One of South Africa's best-known writers during the apartheid era, Alex La Guma was a lifelong activist and a member of the South African Communist Party and the African National Congress. Persecuted and imprisoned by the South African regime in the 1950s and 60s, La Guma went into exile in the United Kingdom with his wife and children in 1966, eventually serving as the ANC's diplomatic representative for Latin America and the Caribbean in Cuba.
Culture and Liberation captures a different dimension of his long writing career by collecting his political journalism, literary criticism, and other short pieces published while he was in exile.

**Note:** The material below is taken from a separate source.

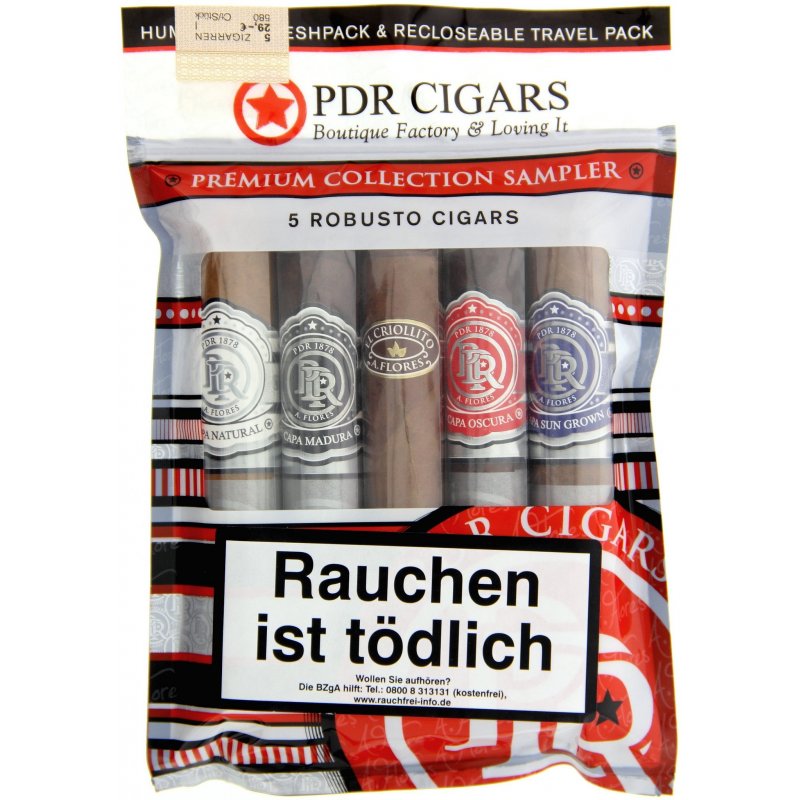 Trabucuri PDR Robusto Fresh Pack Sampler 5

This volume spans La Guma's political and literary life in exile through accounts of his travels to Algeria, Lebanon, Vietnam, Soviet Central Asia, and elsewhere, along with his critical assessments of Paul Robeson, Nadine Gordimer, Maxim Gorky, Alexander Solzhenitsyn, and Pablo Neruda, among other writers. The first dedicated collection of La Guma's exile writing,
Culture and Liberation restores an overlooked dimension of his life and work, while opening a window on a wider world of cultural and political struggles in Africa, Asia, and Latin America during the second half of the twentieth century.
Author: Alex La Guma
Publisher: Seagull Books
Published: 03/14/2022
Pages: 624
Binding Type: Hardcover
ISBN: 9780857427892
About the Author
Alex La Guma (1925-1985) was a South African novelist and leader of the South African Coloured People's Organisation (SACPO). Several of his books were published in the famed African Writers Series edited by Chinua Achebe, including A Walk in the Night, In the Fog of the Seasons' End, and Time of the Butcherbird. Christopher J. Lee is associate professor of history at Lafayette College, in Pennsylvania. He is the author of several books, including Jet Lag and Frantz Fanon: Toward a Revolutionary Humanism. Albie Sachs is an activist and a former judge on the Constitutional Court of South Africa. After having his arm blown off by a car-bomb in Mozambique in 1988 due to his opposition to apartheid, he fled to the US, but later returned to South Africa. He currently resides in Cape Town.